The device allows doctors to feed donated lungs nutrients and oxygen in a protected environment, which improves their transplant viability. Unlike organs that are put on ice after being harvested from a donor and then go straight to the operating room, lungs inside the EVLP warm up, and their metabolism restarts before they’re transplanted. Doctors can then reassess the lungs’ function and use EVLP to administer drugs that improve the quality of the organ, saving slightly damaged lungs that might have been ineligible for use before. “We put the lung back to life on this machine,” says Cypel, who thought this technology could also be used to modify the organ, transforming it into one that can be received by a person of any blood type.

There are four major blood type groups: A, B, O, and AB. Think of type O as the base model. It has no antigens that attach to it. The A and B blood types each have extra antigens that attach to that core, and AB blood has both types of antigens.

For an organ transplant to work, the donor and recipient have to have compatible blood types. If someone with type O or B blood receives a donation from someone with type A blood, for example, those A antigens will trigger the recipient’s immune system to attack the transplanted organ, which is perceived as a foreign invader. This process, called rejection, can be deadly.

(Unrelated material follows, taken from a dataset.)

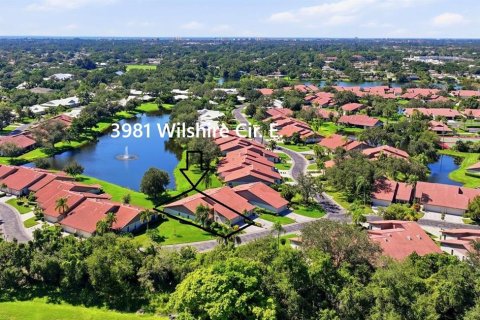 Villa ou maison à vendre à Sarasota, Floride: 3 chambres, 178.65 m2 № 2415548 - photo 2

But because type O blood has no antigens, people with O are considered “universal donors.” Their blood and tissue won’t set off an immune response for recipients of any blood type.

Increasing the number of universal donors, Cypel hoped, would make more lungs available to more people and make the process more equitable. “Today we have a separate list of A patients, B patients, O patients, and we don’t necessarily transplant [to] the sickest one,” he says. And even if a pair of donor lungs match the person’s blood type, they might be the wrong size for them. Too small and they won’t provide enough oxygen. Too big and they won’t fit correctly into the chest.